Task details - In the data below, give the number of lines that contain the word "device". Nothing else is needed.

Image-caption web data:
____

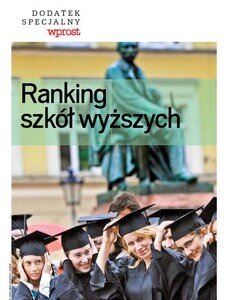 Politechnika Warszawska zwycięża w rankingu szkół wyższych tygodnika WPROST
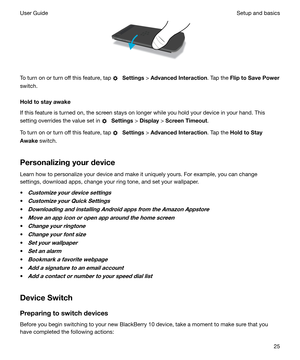 Page 25 
To turn on or turn off this feature, tap 
  Settings  > AdvancedInteraction . Tap the FliptoSavePower
switch.
Holdtostayawake
If this feature is turned on, the screen stays on longer while you hold your device in your hand. This
setting overrides the value set in 
  Settings  > Display  > ScreenTimeout .
To turn on or turn off this feature, tap 
  Settings  > AdvancedInteraction . Tap the HoldtoStay
Awake  switch.
Personalizingyourdevice Learn how to personalize your device and make it...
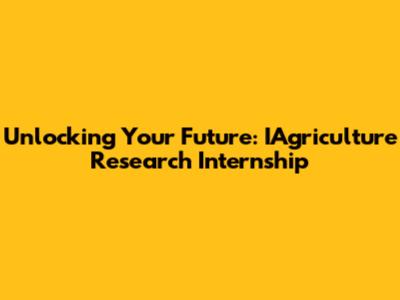 Unlocking Your Future: IAgriculture Research Internship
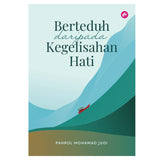 Berteduh Daripada Kegelisahan Hati By Pahrol Mohd Juoi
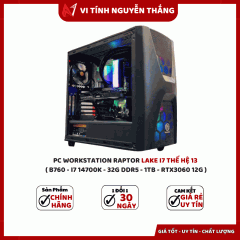 PC WORKSTATION RAPTOR LAKE I7 THẾ HỆ 13 ( B760 - I7 14700K - 32G DDR5 - 1TB - RTX3060 12G )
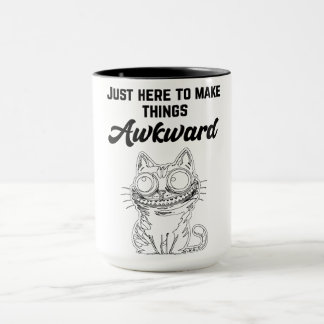 Funny Cat - Just Here to Make Things Awkward Mug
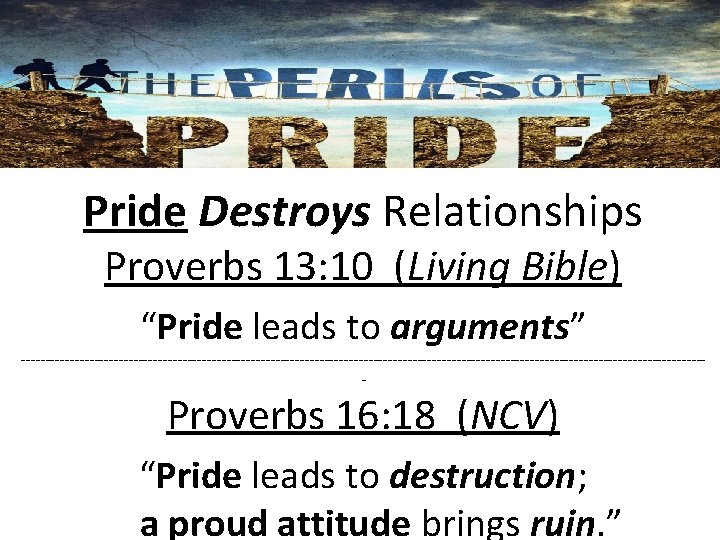 Pride Destroys Relationships Proverbs 13: 10 (Living Bible) “Pride leads to arguments” ---------------------------------------------------------------------- Proverbs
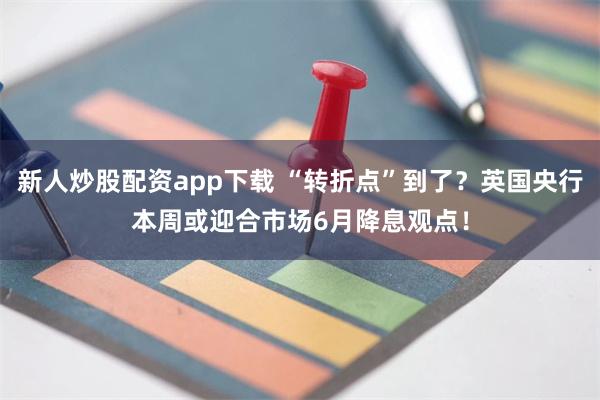 新人炒股配资app下载 “转折点”到了？英国央行本周或迎合市场6月降息观点！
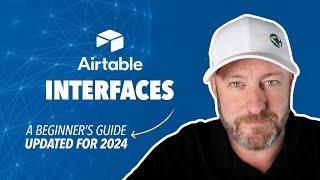 Airtable 2024: Step-by-Step Guide to Build Efficient Interfaces ️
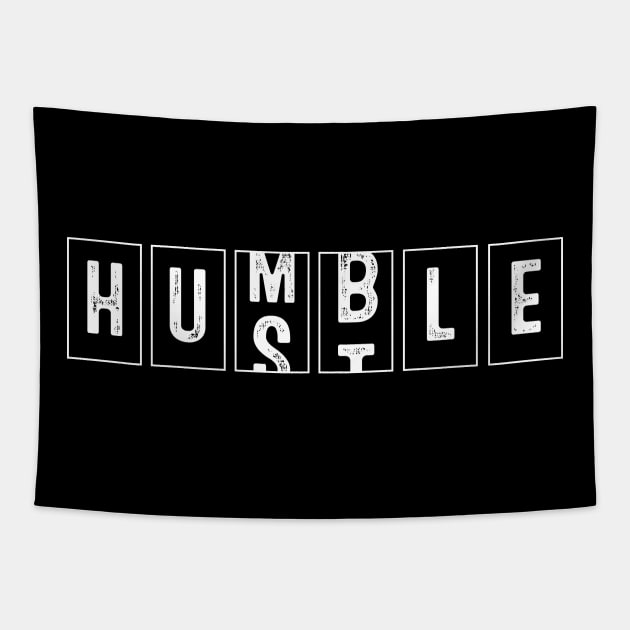 Humble Hustle Tapestry by rosecanderson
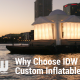 Why Choose IDW for Your Custom Inflatables?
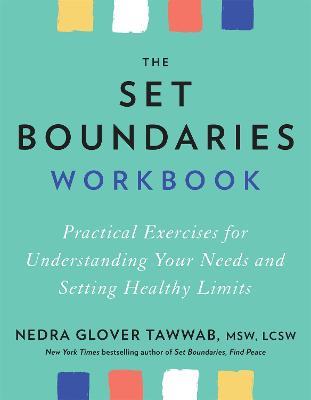 The Set Boundaries Workbook: Practical Exercises for Understanding Your Needs and Setting Healthy Limits - Nedra Glover Tawwab - cover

____

Solution for this problem - 2